Sözünü ettiğiniz bu hikâyelerin bazılarında kurgu az bazılarında çok, bazılarının ise tamamı kurgu... Bir metnin, gerçek anlamda hikâye olabilmesi için mutlaka kurgulanmış olması gerekir. Bu itibarla kurgu az veya çok var. Aslında kurgu ne kadar çok olursa teknik ve edebi yönü o kadar güçlü oluyor hikâyenin... Hikâyeleri niçin bu ülkelerde şekillendirdim? Şunun için: Özbekistan, ilk bağımsızlık yıllarında gidip üç sene Türkçe öğrettiğim bir kardeş ülke idi. Hikâyede mekân ve olay olarak bu ülkenin seçilmesi gelecekte iki ülke edebiyatı arasında bağların ve ortak noktaların çoğalması ve güçlenmesi anlamına geliyor. Ayrıca bu ülkede bulunduğum süre içinde bende yer eden bazı olayları farklı bir şekilde kurgulayarak hikâyeleri gizemli hâle getirmek istedim. Bir bakıma sizin dediğiniz gibi heybemizdekini paylaştık okurla ama bu hatıralarımızı paylaştığımız anlamına gelmiyor.
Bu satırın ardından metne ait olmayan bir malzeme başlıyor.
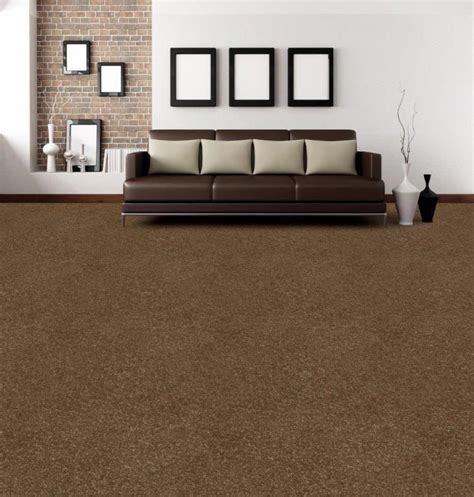 30 Dark Brown Carpet Living Room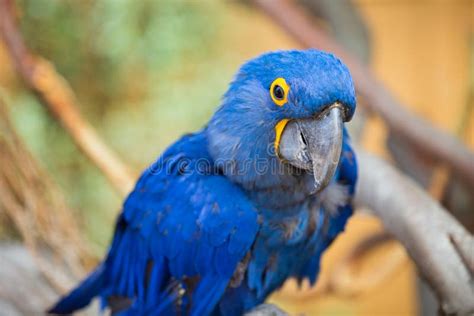 Blue Parrot Bird Stock Photo Image Of Wildlife Blue 66954858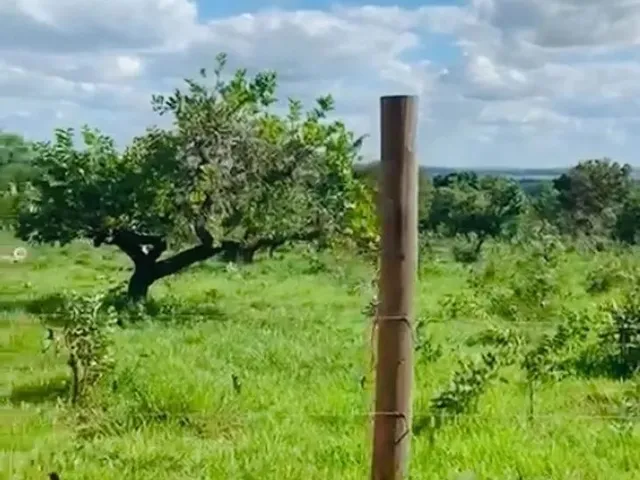 Imagem 1: Lote em Padre Bernardo-Go (Vendinha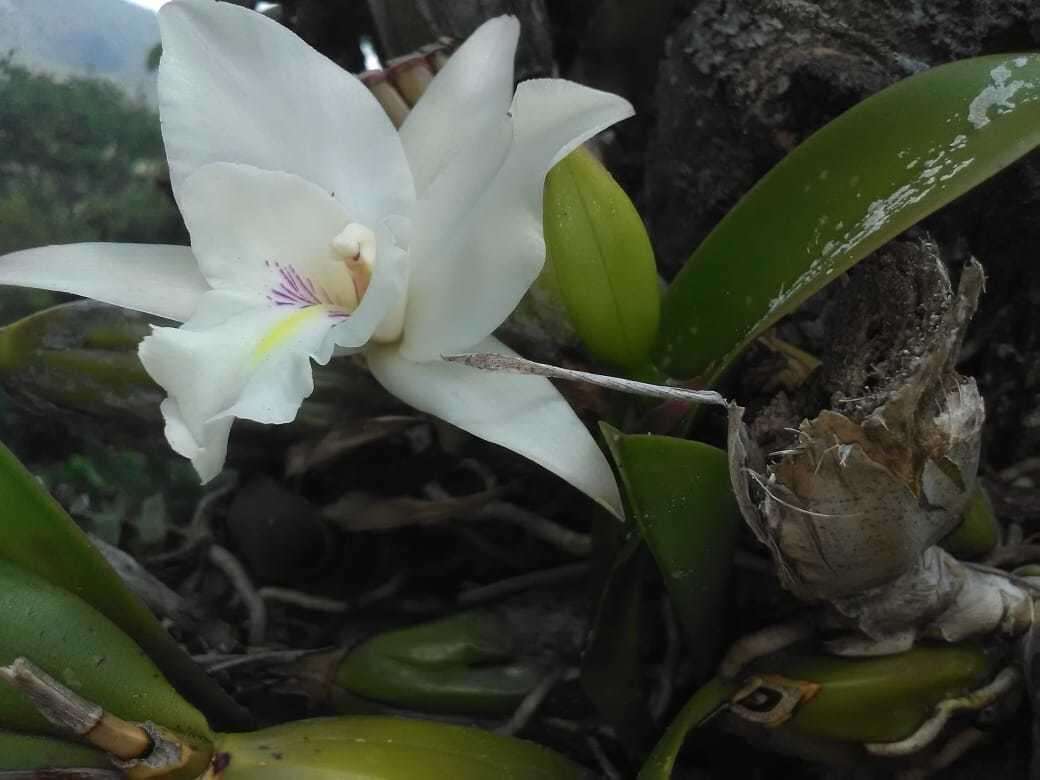 Image de Laelia anceps subsp. dawsonii (J. Anderson) Rolfe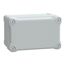 Abs Box LP66 Ik07 RAL7035 Int.h175w105d100 Ext.h192w121d105 Opaque Cover H40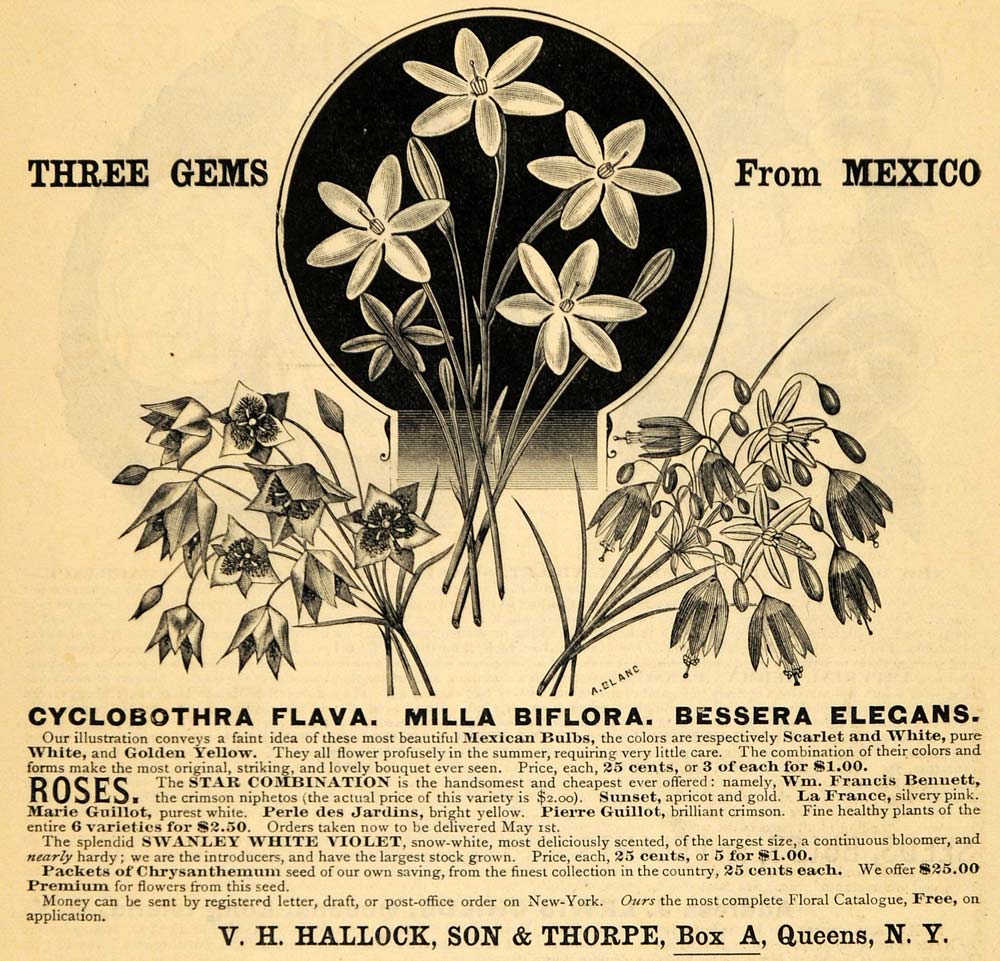 1885 Ad Mexico Flowers VH Hallock Milla Biflora A Blanc - ORIGINAL TCM1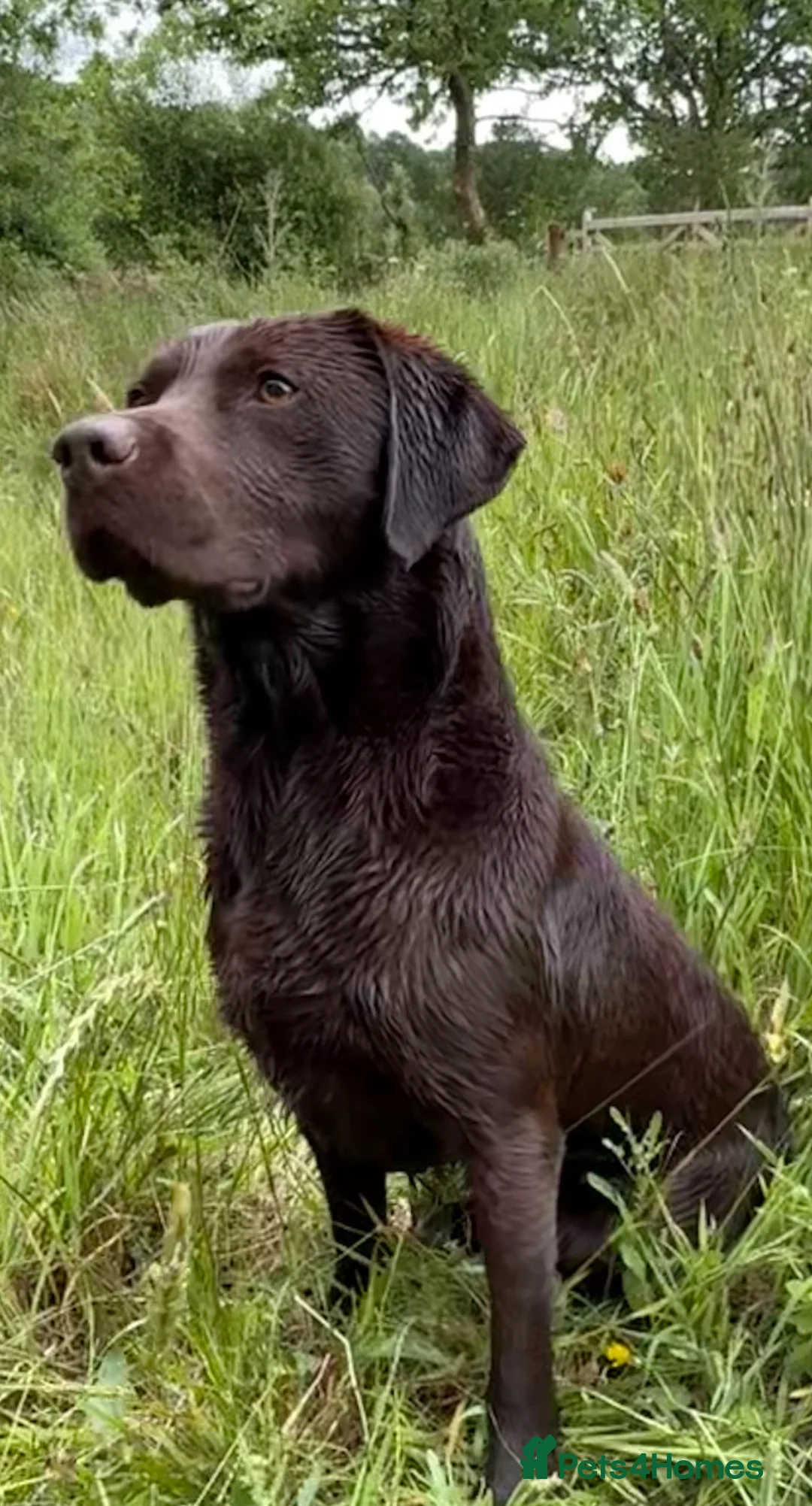 Labrador Retriever dogs for stud: WORKING CHOCOLATE LABRADOR STUD 0/0 HIPS & ELBOWS - Advert 3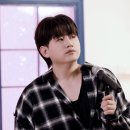 우디가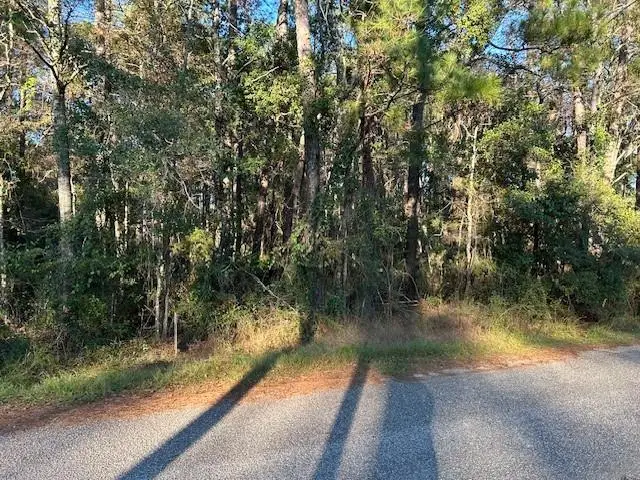 0 Bayou Road, Bayou La Batre, AL 36509 - #2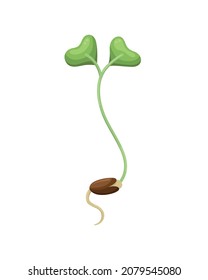 Vector illustration of microgreens ready for eating. Healthy young seedlings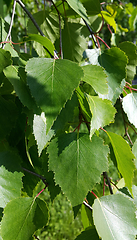 Image showing Beautiful branch of a spring birch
Çünkü Avustralya'da da iki sene kalmıştım; nitekim "Sultanın Hizmetkârı" isimli hikâye de orada geçiyor. Bazı okurlar hatıra gibi yorumlamışlar bu hikâyeleri. Oysa öyle değil... Hatıra üslubuyla yazılmış hikâyeler onlar... Kurgusal yanı olan metinler yani... Nitekim kurgunun hiç karışmadığı hatıralarımızı "Dünyanın Dibi Avustralya" ismiyle kitaplaştırdık. "Bir Hasret Ülkesi" isimli hikâye, evet Burma'da geçiyor. Burada bulunmadım ama burada bulunan birisinden dinlediklerim vardı.
Hayır, yanılmıyorsunuz ama doğrusu ben hikâyelerde bu "kader metaforu"nu derinlere sakladığım için birçok okurun bunu fark edemeyeceğini düşünmüştüm. Siz bunu söyleyince memnuniyet duydum. Kader, kaçamadığımız bir yazgı. Kaçabilseydik bile bu da yine kaderin içinde bir parça olurdu... Yeryüzünün herhangi bir yerinde cereyan eden en küçük bir olay bile sebepsiz ve tesadüfî değildir. Bu gerçek, kitabı oluşturan bütün hikâyelerin en derin ve ana temasıdır. Bu ana temanın dışında her hikâyenin kendi içinde birtakım irili ufaklı temaları var. Kitabı oluşturan hikâyelerin tamamında bu "kader birliği" kendini hissettirir. Çünkü hikâyedeki karakterler ile hikâyenin geçtiği ülkelerin insanları arasında uygunluk vardır. Ayrıca o ülkelerin insanları ile bizim ülkemizin insanları arasında da bir "kader birliği" vardır. Meselâ: O ülkelerle bizim ülkemiz arasında dil birliği, din birliği ya da en azından "hüzün, yokluk, sıkıntı" gibi ortak kavramlara aşinalık vardır. Bu itibarla sizin fark ettiğiniz konu doğru ve önemli... Yani hikâyelerin geçtiği ülkelerin insanları ile beraber hikâyelerdeki karakterler de kendi kaderini yaşıyor. Okur da bu kadere ortak oluyor, bu arada hikâyelerin yazarı da kendi kaderini yaşamaya devam ediyor.
Haklısınız derim. Bu hikâye ile ilgili çok sitaşiykâr dönüşümler aldım. En çok beğenilen hikâyelerden biri oldu bu... Yazarlar bu tür sürprizlerle her an karşılaşabilirler. Hiç tahmin etmediğiniz bir yazınız veya şiiriniz dillerde dolaşabilir. Bu hikâye "Hece Öykü"de ilk yayımlandığında da beğenilmişti. Mesela üslûbunu beğendiğim ve hikâyelerini ciddiye alarak okuduğum Nalan Barbarosoğlu beğenmişti bu hikâyeyi... Bu hikâyenin beğenilmesinin nedeni ne olabilir? Bunu ben de düşünüyorum. Sanırım klasik edebiyata dair "gül-bülbül" mazmunlarının modern edebiyatta kendine alımlı bir yer bulmasından kaynaklanıyor bu beğeni... Çünkü eskimeyen kıssalar, menkıbeler, olaylar, rivayetler ve mazmunlar hep Doğu'nun bahçesinde... Batı'ya gitmek isteyenler önce Doğu'ya gitmelidirler. Doğu'ya gide gide bir gün Batı'ya da varırlar ama önce Batı'ya giderlerse sonra ne Doğu'yu ne de doğdukları yeri bilebilirler. Doğu'yu görmeden Batı'ya gidenlerin çoğu battı. Doğuşun ihtişamını göremeyen batışın ne kadar hazin olduğunu bilemez. "Simyacı" da bir zamanlar "çok satanlar" listesine oturmuştu biliyorsunuz. Onun konusu da bir şark hikâyesi idi ama bizim şarktan haberimiz olmadığı için "Yazarı ne kadar harika bir senaryo kurmuş." dedik. Oysa Mesnevi'de aynı olay var. "Bülbül" hikâyesi de böyle bir şey sanırım... Tabi bir de "aşk" ve "acı" işin içine girmiş bu hikâyede... Aşkın rengini kırmızı, tadını acı tasavvur ederim ben nedense... Gül de kırmızı... Böyle bir hikâye, bizim okurumuzun kalbine gelir oturur. Sizde de öyle olmuş galiba.